Una de las razones por las que me vine a vivir a mi barrio fue por sus comercios. No es que a mí me guste ir de compras; más bien todo lo contrario. Pero me gusta la sensación de saber que si necesito algo puedo ir en un salto a la tienda de abajo.
Tengo a mano la verdulería, la pescadería, la carnicería, la panadería, la farmacia, la librería, el estanco. Hay peluquería, juguetería, joyería, papelería, óptica, floristería, zapatería, ferretería.
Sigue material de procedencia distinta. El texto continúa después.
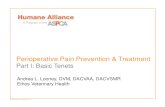 Perioperative Pain Prevention & Treatment€¦ · o “Plate” protocol to treating pain • One size doesn’t fit all • Evaluate analgesia or pain frequently in periop period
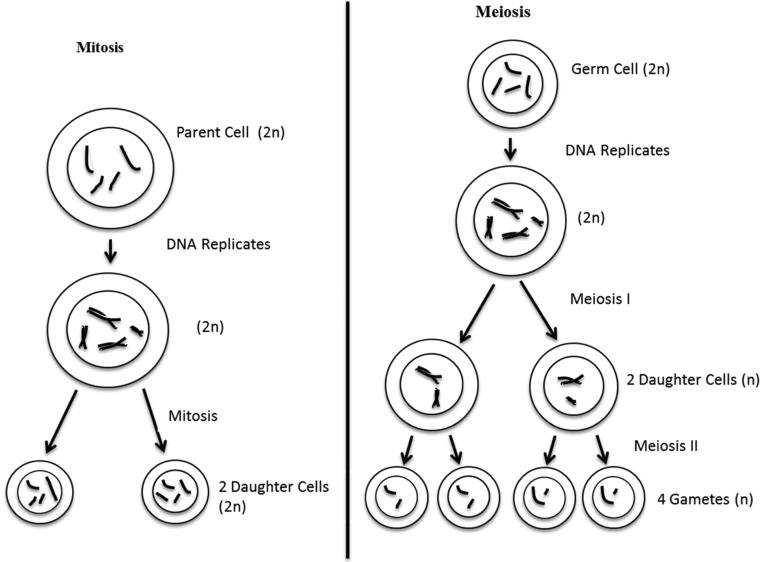 https://cdn.ncbi.nlm.nih.gov/pmc/blobs/67e9/4133961/6766c1865a9d/CPSR-10-91_F4.jpg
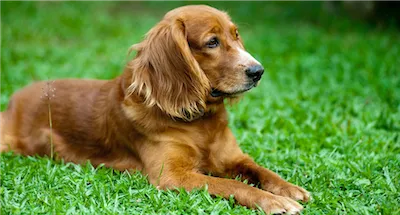 Reddish Dog in Grass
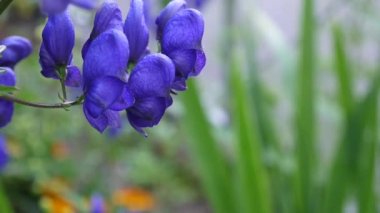 Aconitum. Mavi beatuful Çiçek bahçesinde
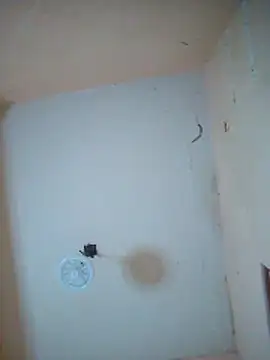 LuisMex1998 online show from November 2025 02:21:01 AM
Varias tiendas de ropa, de deportes, de iluminación… Puedo comprar desde un colchón a una bicicleta, un paté ecológico o una cocina entera sin moverme más de cien metros.
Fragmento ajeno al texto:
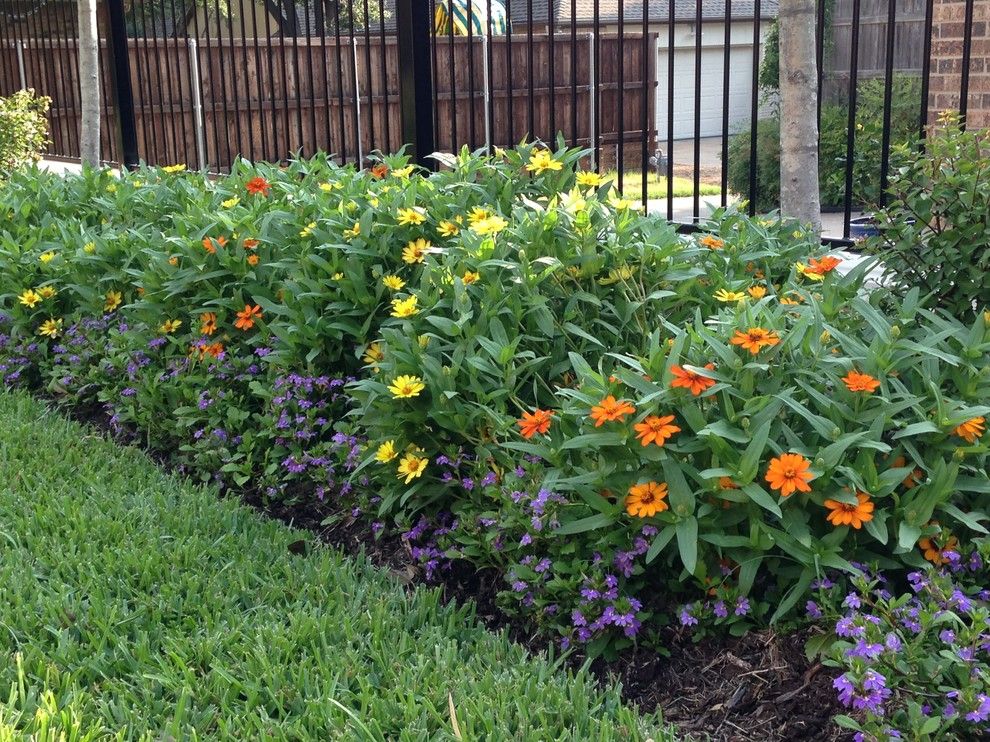 Roundtree for a Traditional Landscape with a Plants and East Dallas Home by Roundtree Landscaping, Inc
Esto para mí es la gloria, sobre todo porque significa que no dependo de coger un coche y meterme en un centro comercial, mi pesadilla.
Cuando yo vine a este barrio, las compras por internet eran un exotismo restringido a productos muy concretos. Hoy son la forma de consumo más habitual en muchas familias.
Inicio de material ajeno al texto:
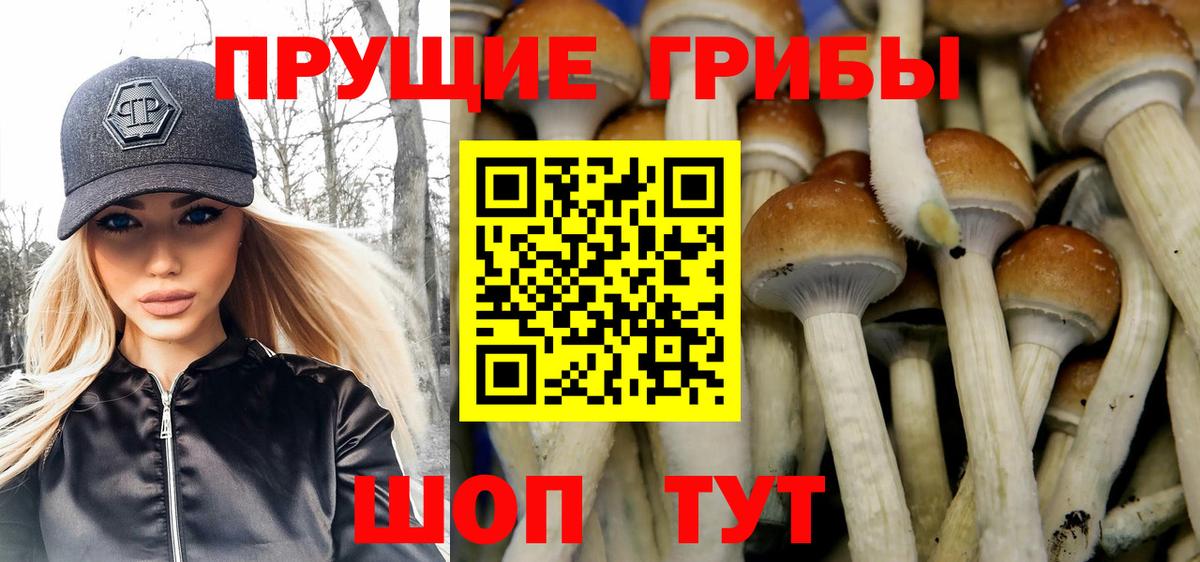 Шарыпово  Галлюциногенные грибы Psilocybine cubensis  Вход с VPN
Yo me resisto, consciente como soy del perjuicio que supone este modelo para el comercio tradicional, el que da vida a mi barrio, el que le da personalidad y lo aleja de las zonas residenciales clonadas que empiezan a ser la norma. A veces caigo, traiciono mi coherencia y hago algún pedido caprichoso, lo que me supone luego cargar con el sentimiento de culpa cada vez que veo algún producto similar en los escaparates de mis vecinos.
Pero me estoy quedando sola en la cruzada. No me esperaba que el boicot llegara incluso desde dentro. Algunos de estos comercios, llevados, supongo, por la necesidad, se han convertido a su vez en puntos de entrega de compras por internet.
Se forman colas en la acera; la calle se llena de coches en doble fila de gente que viene, estresada, a recoger aquí sus paquetes; pasear es una prueba de obstáculos y circular, un peligro.
Comprar cualquier cosa en estas tiendas se hace ahora tan incómodo y tedioso, que he dejado de visitarlas. Ojalá el resto resista.